More than that, there was yet no economic need for a transcontinental railroad. There was not enough freight to carry to justify private investment. But the government, under propaganda similar to today’s — and such excuses as the prestige of the country — decided to build a railroad and it did so by giving subsidies to private groups. This is a classic example of a capitalist of a mixed economy. That is a man who rises not by merit and economic judgment but by government pull and special privilege.
The builders of this Continental railroad had an advantage that no private competitor could match. They had government subsidies. As a consequence, the Central Pacific held a monopoly in the state of California for about 30 years. Not only did they have the original advantage but controlling and bribing the legislature of California, they had laws passed which for bed the entry of any competitor into California. To be exact, the law forbade any competing railroad to enter any California port, and since most of the freight traffic came through the port, it meant that no railroad could survive economically in the state of California if it did not have access to the port. Several attempts were made by competing private companies to break that monopoly of the Central Pacific in California and, of course, they failed.
Now the Central Pacific engaged in truly immoral and improper economic practices. Namely, they changed their freight rates arbitrarily every year, charging as much as the farmers produced, leaving them practically nothing as profit and barely any seed for the next harvest. Now the statíst collectivist intellectuals, of course, blamed the railroad, private industry. The famous novel by Frank Norris, Octopus, denouncing the railroads, was based on the activity of the Central Pacific and was the foundation for the enormous popular hatred of railroads. Yet observe. Who was the villain in the picture? Not private enterprise, not the free market, but an act of government, originally the subsidies of the federal government and then reinforced by the legislation of California, which maintained the monopoly of the Central Pacific and permitted it to engage in all such abuses, delivering the public into its power. It is an act of government. Special privileges are required to establish any kind of coercive monopoly and the history of the Central Pacific is a classic example of it. It was the government and the legislature that were guilty of the abuses involved. Instead of identifying this fact, it was free enterprise — the free market — that took the blame.

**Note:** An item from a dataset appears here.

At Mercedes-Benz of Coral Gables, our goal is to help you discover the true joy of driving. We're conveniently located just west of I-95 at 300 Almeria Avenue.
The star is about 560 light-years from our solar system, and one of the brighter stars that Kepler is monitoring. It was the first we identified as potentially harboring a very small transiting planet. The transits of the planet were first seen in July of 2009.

If it is asked whether it’s a question of dishonest legislators, it is not. The issue there is that no legislator who has the power of control can be either honest or dishonest. The dishonesty lies not in the person but in the institution. When a government holds arbitrary power over the economy, no matter what the controls and regulations, they will necessarily be unjust because they would necessarily be weighted by force in favor of one group of people at the expense of the others.
The proper lesson to have learned should have been the realization that government controls and create only harm, injustice, and distortions in the economy, and should be repealed. The government should not have had the power to interfere in the economy. It should not have held economic power. But since it did, and so long as it did, the abuses necessarily had to take place with each control leading to further and more disastrous controls. To this day, people have not yet grasped that lesson and whenever anything goes wrong in any industry, it is always the free market — the free capitalists — that take the blame. I stress this without exception: If you investigate you will always find that the source of the evils or the abuses was the government controls, not free enterprises or the free market.